■ Work task:
Could the records be returned exactly, with the pictures left out?

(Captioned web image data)

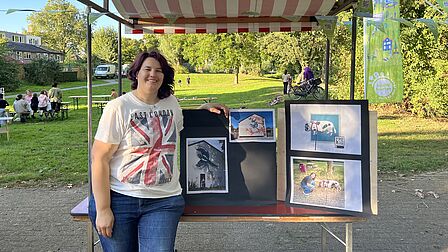 Vrouw staat voor kraampje met afbeeldingen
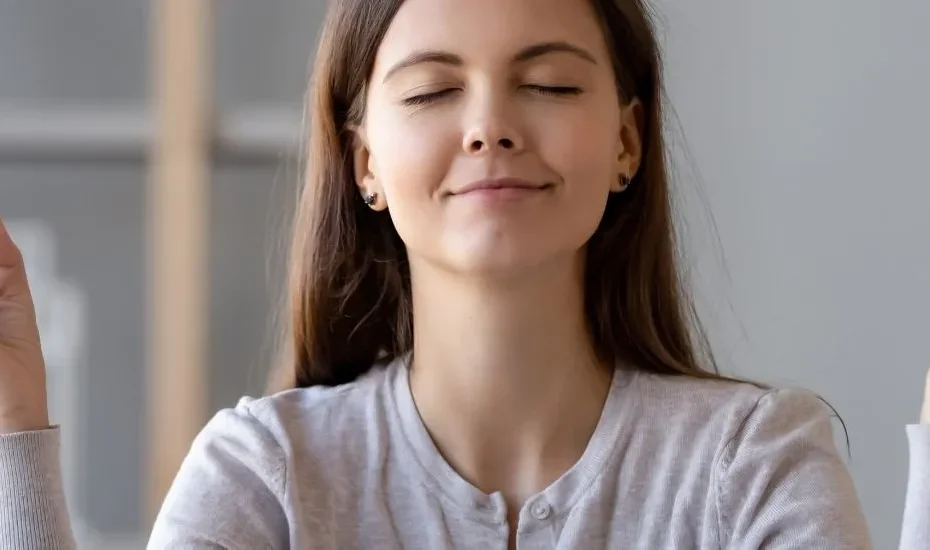 Une jeune étudiante qui fait de la méditation pour repousser le stress et l'anxiété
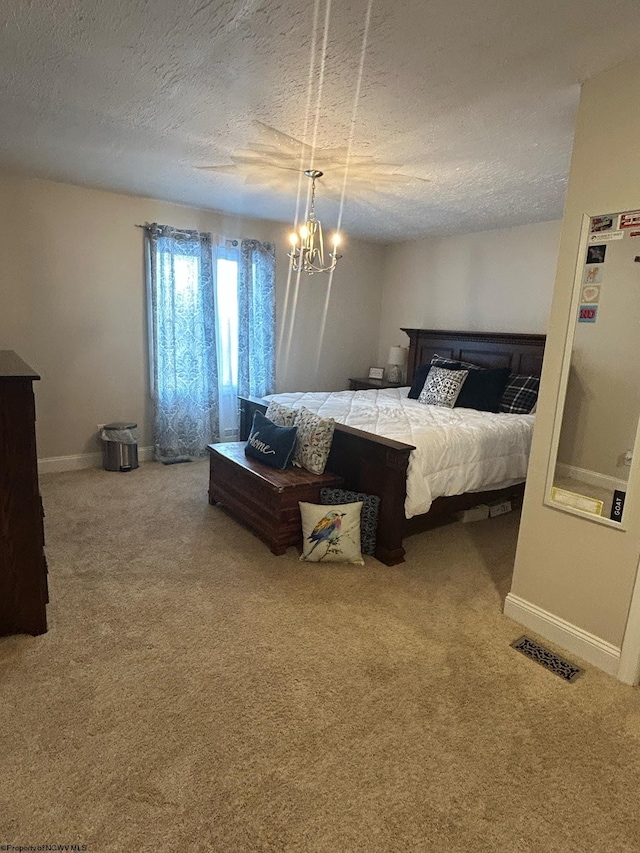 carpeted bedroom featuring a notable chandelier and a textured ceiling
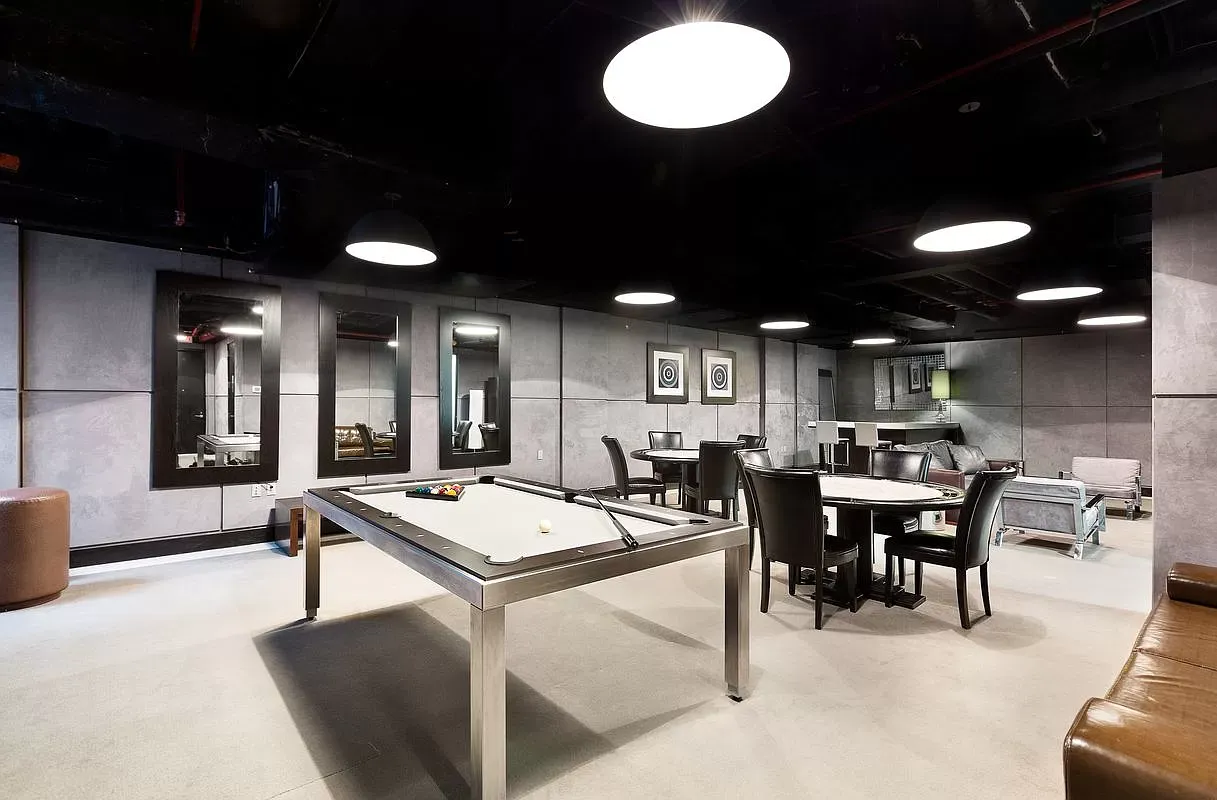 a dinning area with furniture and a chandelier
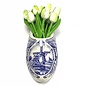 White wooden tulips in a Delft blue clog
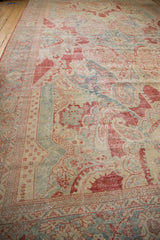 Side angle view of the distressed Mahal carpet's worn, low pile and sprawling floral motifs in red and blue.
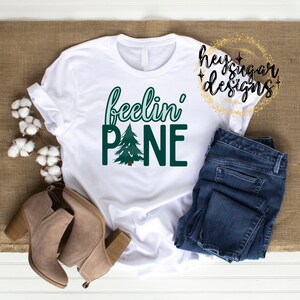 May include: White t-shirt with green text that reads "feelin' pine" and a green pine tree graphic.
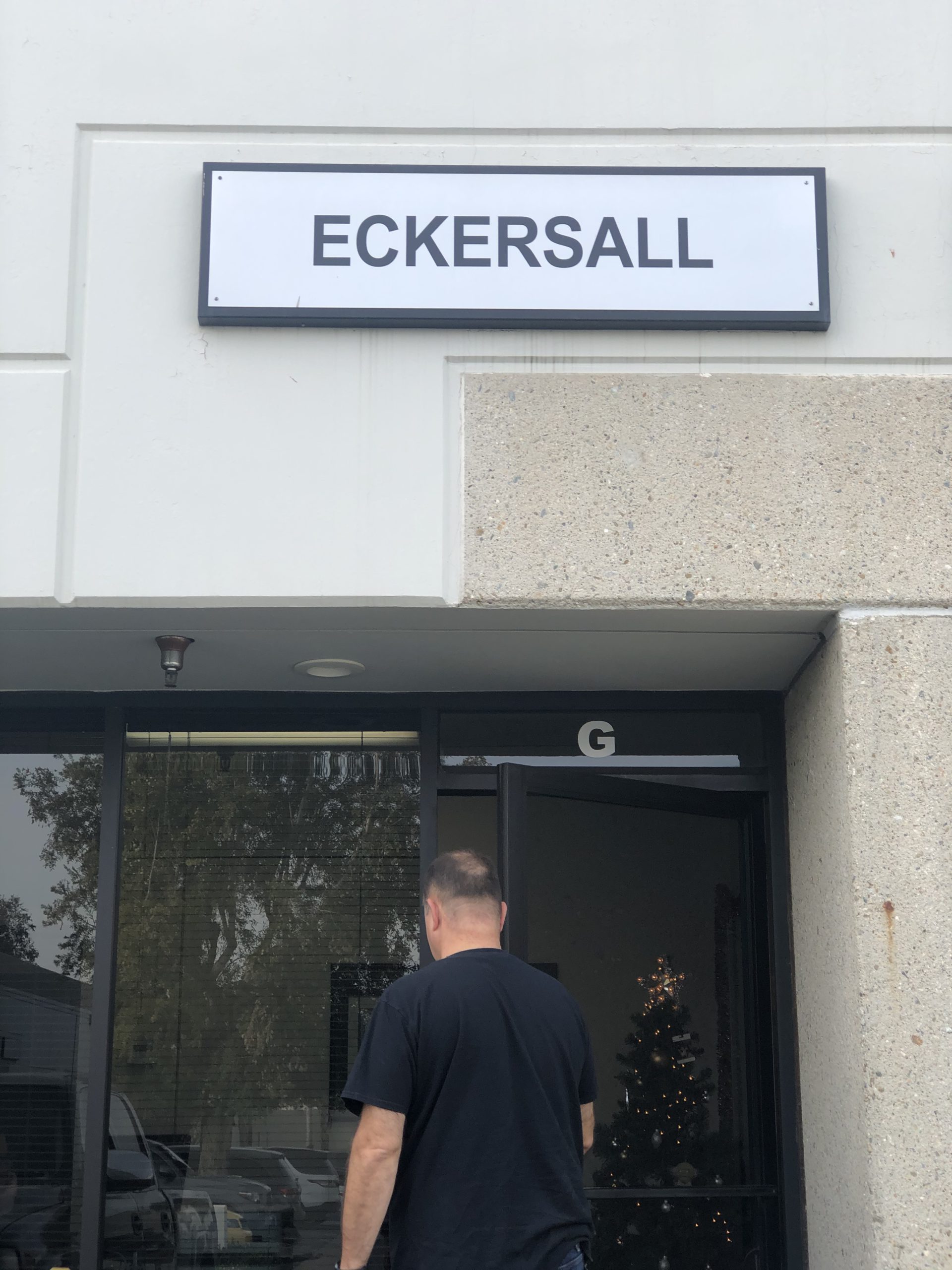 Scott Eckersall opening office door
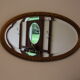 Beveled oval mirror in gilded wood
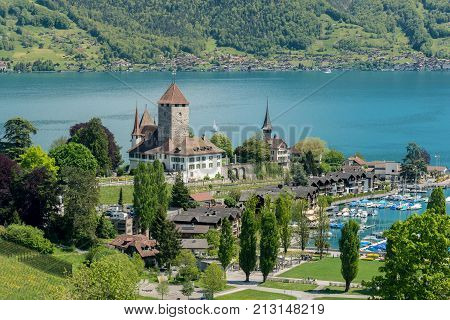 Spiez castle with sailboat on lake Thun in Bern Switzerland.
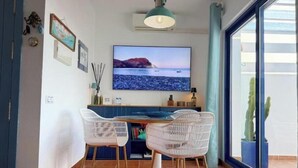 Un comedor con televisión, sillas de mimbre y vistas al mar a través de un ventanal grande.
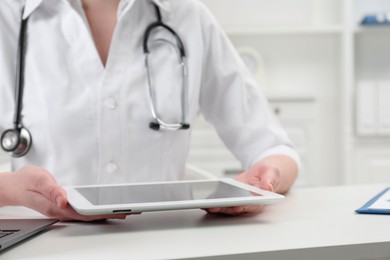 Photo of Doctor with tablet at white table in clinic, closeup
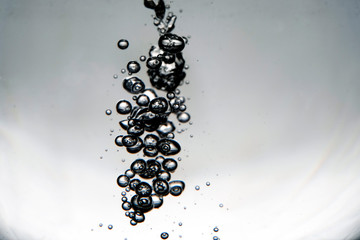 swirl of bubbles in the water. monochrome background.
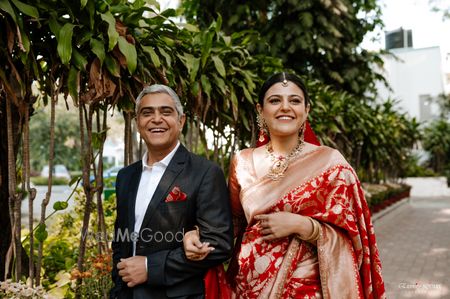 Photo of Bride entering her wedding with her father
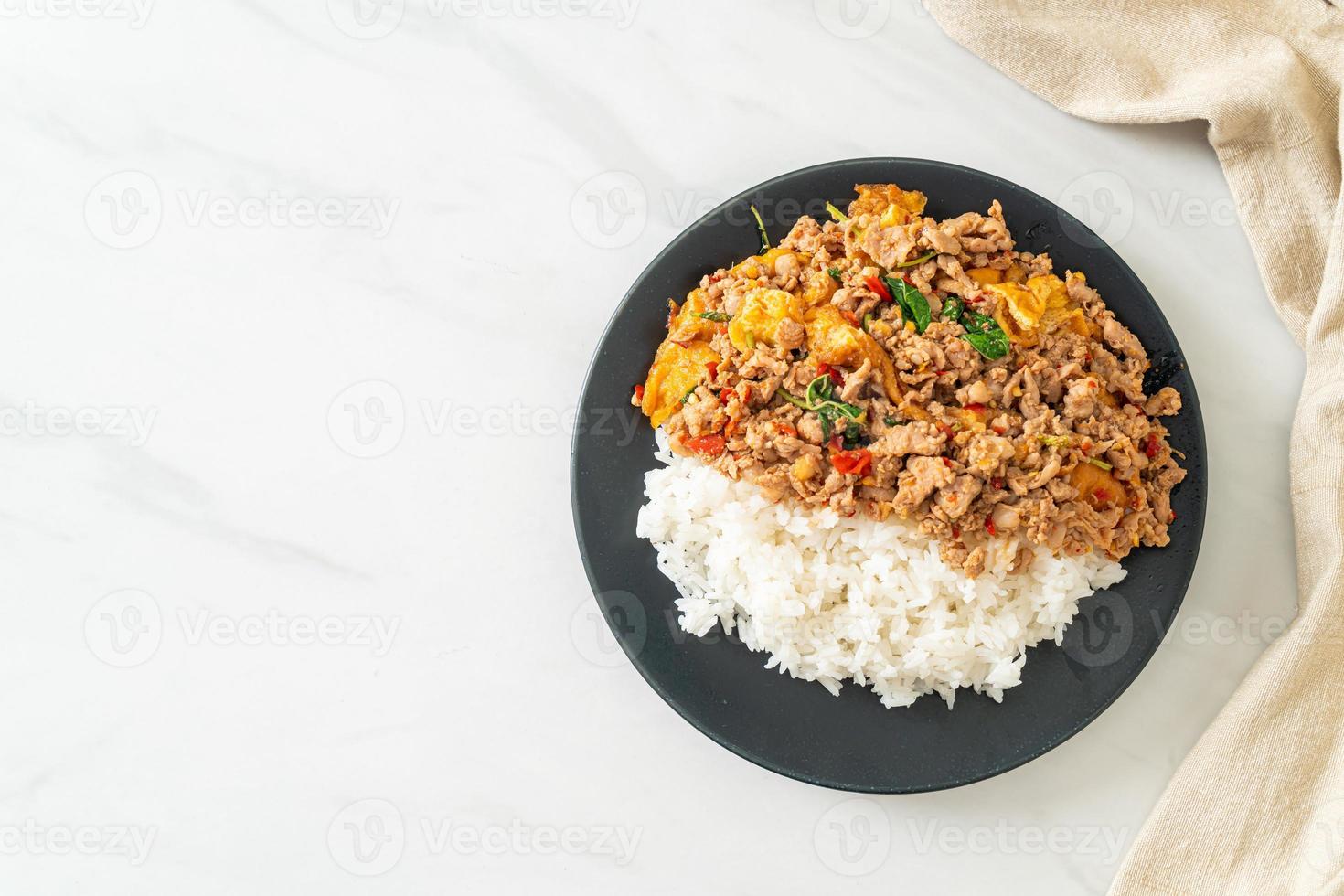 Carne de porco picada frita com manjericão e ovo coberto com arroz - comida asiática foto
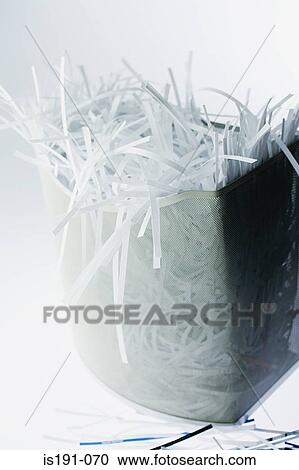 Shredded paper spilling out of bin View Large Photo Image Stock Image - Shredded paper spilling out of bin. Fotosearch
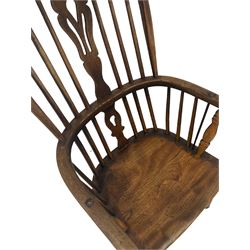 19th century Windsor chair, the spindle back over saddle seat, raised on turned supports 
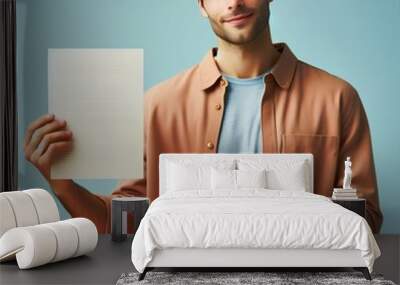 image of a man wearing casual attire showcasing a document with his right hand, man holding a paper in his hand Wall mural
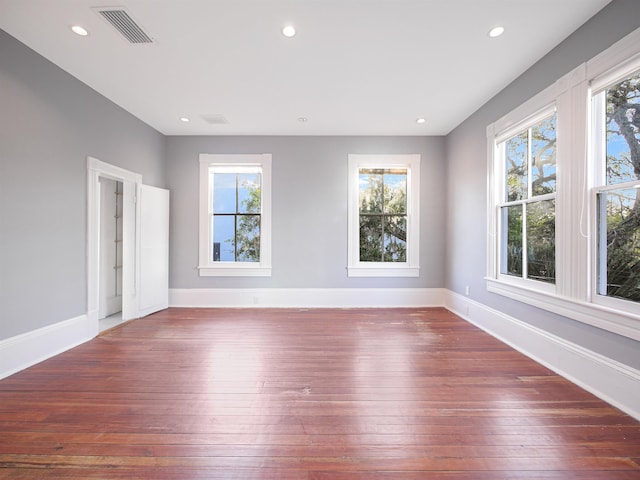 unfurnished room featuring dark wood-type flooring and plenty of natural light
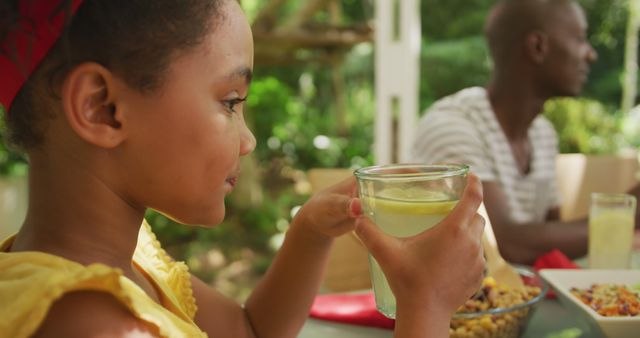 Young girl drinking lemonade at family picnic outdoors - Download Free Stock Images Pikwizard.com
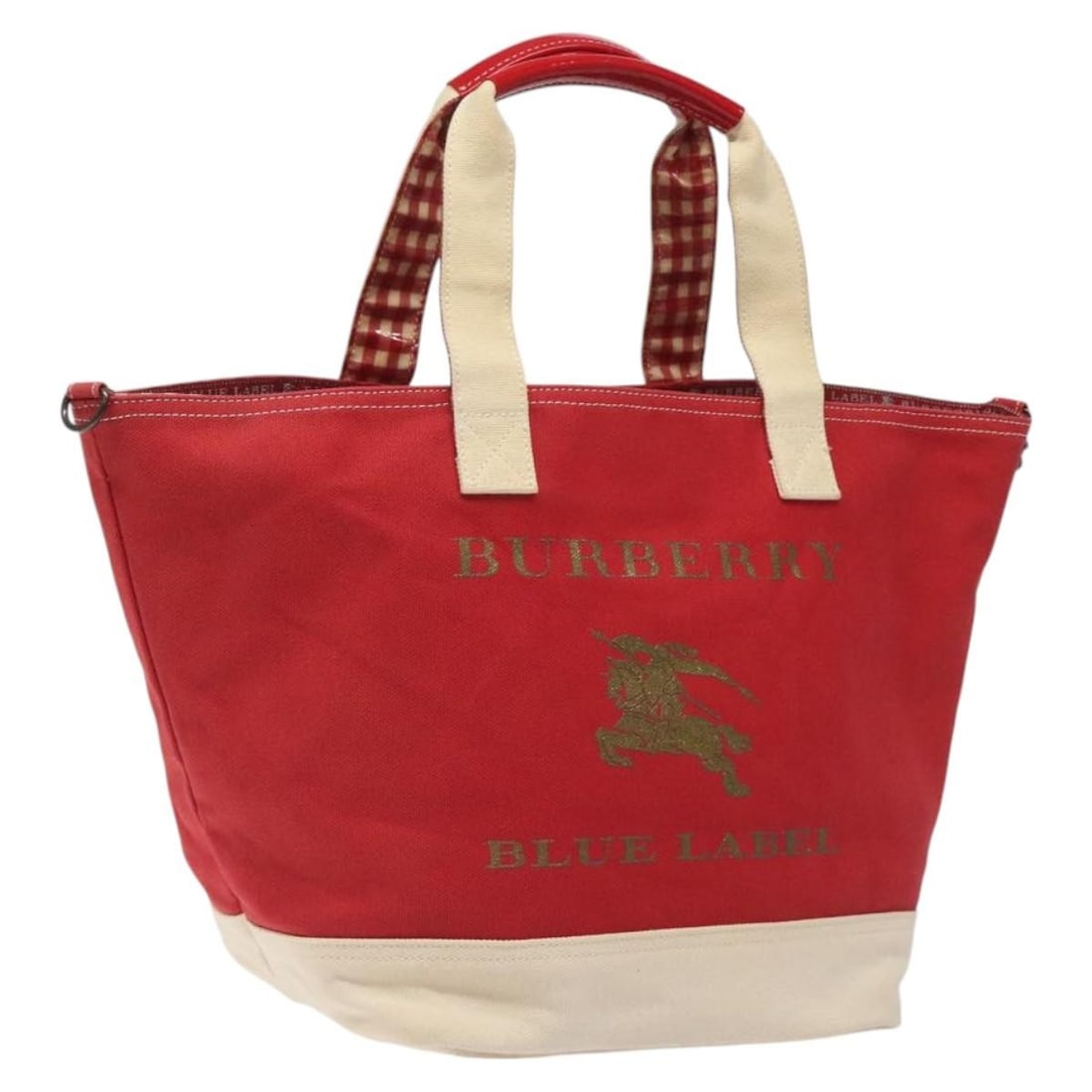 Burberry Blue Label Canvas Tote in Red 23cm x 26cm x 18cm: Burberry Blue Label Canvas Tote in Red 23cm x 26cm x 18cm This Burberry Blue Label tote bag features a vibrant red canvas exterior and is designed for women. The bag has signs of use, including rubbin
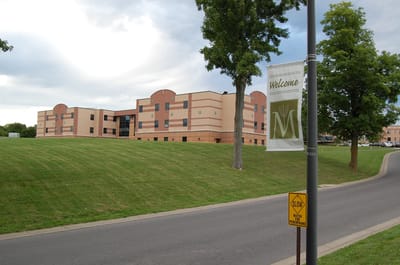 Exterior view of the assisted living facility with welcome banner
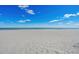 Serene beach with soft sand and calm ocean waves under a bright blue sky with scattered clouds at 625 N Waccamaw Dr. # 107, Murrells Inlet, SC 29576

■ Answer space:
 Vrouw staat voor kraampje met afbeeldingen
 Une jeune étudiante qui fait de la méditation pour repousser le stress et l'anxiété
 carpeted bedroom featuring a notable chandelier and a textured ceiling
 a dinning area with furniture and a chandelier
 White wooden tulips in a Delft blue clog
 Side angle view of the distressed Mahal carpet's worn, low pile and sprawling floral motifs in red and blue.
 May include: White t-shirt with green text that reads "feelin' pine" and a green pine tree graphic.
 Scott Eckersall opening office door
 Beveled oval mirror in gilded wood
 Spiez castle with sailboat on lake Thun in Bern Switzerland.
 Un comedor con televisión, sillas de mimbre y vistas al mar a través de un ventanal grande.
 Photo of Doctor with tablet at white table in clinic, closeup
 swirl of bubbles in the water. monochrome background.
 Photo of Bride entering her wedding with her father
 Carne de porco picada frita com manjericão e ovo coberto com arroz - comida asiática foto
 Shredded paper spilling out of bin View Large Photo Image Stock Image - Shredded paper spilling out of bin. Fotosearch
 19th century Windsor chair, the spindle back over saddle seat, raised on turned supports 
 image of a man wearing casual attire showcasing a document with his right hand, man holding a paper in his hand Wall mural
 unfurnished room featuring dark wood-type flooring and plenty of natural light
 Young girl drinking lemonade at family picnic outdoors - Download Free Stock Images Pikwizard.com
 Burberry Blue Label Canvas Tote in Red 23cm x 26cm x 18cm: Burberry Blue Label Canvas Tote in Red 23cm x 26cm x 18cm This Burberry Blue Label tote bag features a vibrant red canvas exterior and is designed for women. The bag has signs of use, including rubbin
 Exterior view of the assisted living facility with welcome banner
 Serene beach with soft sand and calm ocean waves under a bright blue sky with scattered clouds at 625 N Waccamaw Dr. # 107, Murrells Inlet, SC 29576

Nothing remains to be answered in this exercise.